Boko Haram a de plus en plus recours à de très jeunes filles comme kamikazes lors d'attentats-suicides dans les villes du nord du Nigeria encore sous contrôle gouvernemental. Le mois dernier, une fillette d'à peine 7 ans a actionné sa ceinture d'explosifs dans un marché très fréquenté de Potiskum (nord-est), faisant au moins cinq morts et 19 blessés. Certaines jeunes filles disent ne plus oser porter leur hijab de peur d'être soupçonnées d'y cacher des bombes. Le week-end dernier, une femme de 33 ans qui avait refusé de se soumettre à un contrôle de sécurité a été lynchée à mort par la foule puis brûlée dans un marché de l'Etat de Bauchi (nord-est). La police a révélé par la suite qu'elle n'était pas une kamikaze mais une malade mentale.

 

(Dossier : Derrière les hommes du jihad, il y a des femmes)

 

"Pleine de rage et de haine"
Hauwa Mohammed est l'une des 158 otages à avoir été libérées par Boko Haram le 23 janvier, deux semaines après avoir été enlevée dans le village de Katarko, dans l'Etat de Yobe. "J'étais pleine de rage et de haine contre les islamistes", raconte-t-elle à l'AFP, en évoquant ses semaines de captivité.
Pendant ces longues journées, Hauwa tremblait en pensant au sort réservé à ses trois filles, également otages.
Les ravisseurs ont forcé toutes les otages à adhérer à leur credo jihadiste. "Comment est-ce que je pourrais adhérer à leur idéologie, eux qui encouragent le meurtre, la destruction, les enlèvements, le viol?", s'indigne Hauwa. Elle ne s'explique toujours pas pourquoi elle a été libérée. Elle ne peut s'empêcher de penser à toutes celles qui n'ont pas eu cette chance: "je prie (...) pour qu'elles soient libérées de cette vie d'horreur qu'elles vivent actuellement".

 

(Lire aussi : À l'attention de M. Shekau, le billet d’Émilie Sueur)

 

Inégalités entre les sexes
Dans le nord du Nigeria, où l'insurrection islamiste a fait plus de 13 000 morts depuis 2009, les spécialistes pointent du doigt depuis longtemps la pauvreté, le manque d'éducation et de perspectives, qui poussent les jeunes à se radicaliser.
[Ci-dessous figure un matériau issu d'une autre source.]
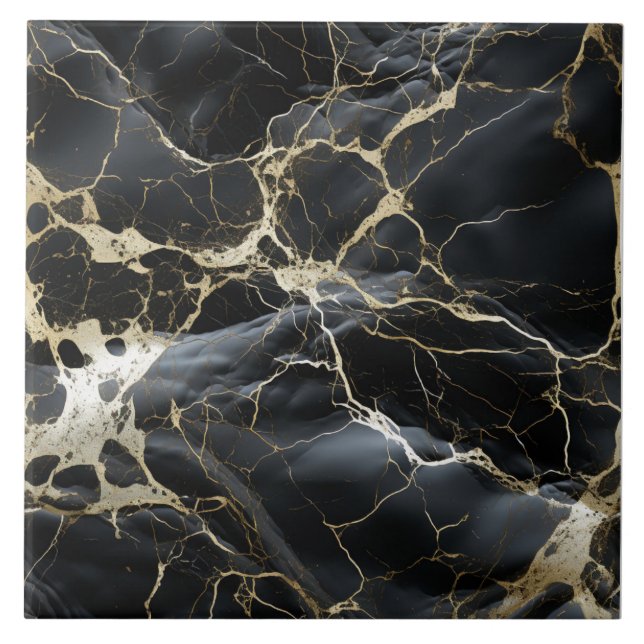 Black and Gold Marble Effect with Ivory Veining Tile (Front)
Dans cette région majoritairement musulmane, qui abrite la moitié des 173 millions de Nigérians, les filles sont les premières à être mises à l'écart du système éducatif.
Deux tiers des jeunes filles de 15 à 19 ans ne savent pas lire une phrase complète, comparé à 10% dans le sud du pays, majoritairement chrétien, selon une étude du British Council.
Seules 3% d'entre elles terminent leurs études secondaires, précise cette étude qui date de 2012, soit avant qu'un grand nombre d'écoles soient obligées de fermer à cause des violences.
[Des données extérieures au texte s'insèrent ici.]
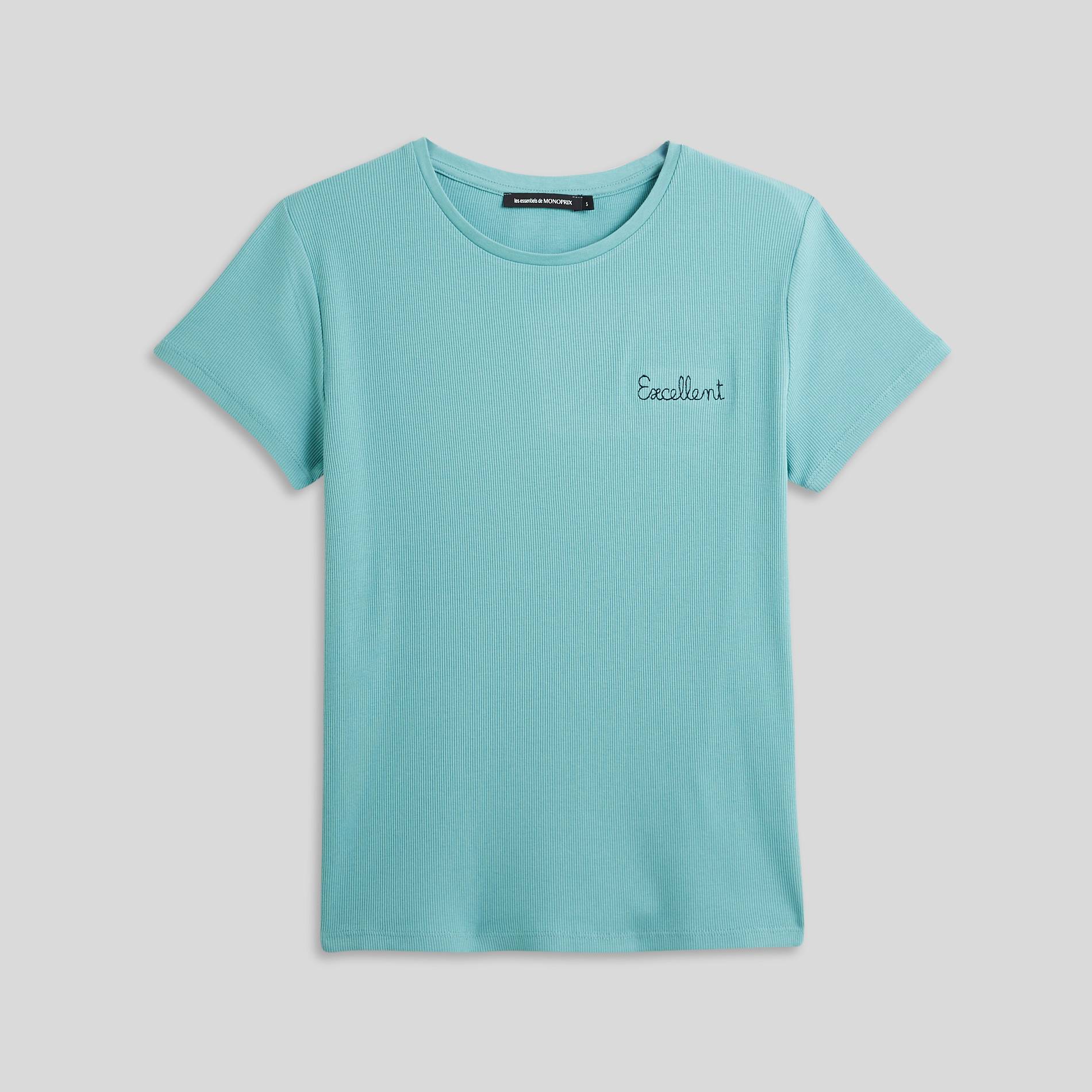 T-shirt côtelé à message brodé, BLEU, large image number 2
Sarah Samuel aurait pu faire partie de cette petite minorité si elle avait pu passer son examen au lycée de Chibok, dont le gouvernement nigérian a annoncé vendredi le début de la reconstruction.
Au lieu de cela, elle a passé son 18e anniversaire dans les camps de Boko Haram, où elle a sans doute été "mariée de force" ou "réduite en esclavage", si l'on en croit les menaces du chef du groupe islamiste, Abubakar Shekau. "C'est dur", reconnaît sa mère pudiquement. "Seul Dieu peut nous venir en aide".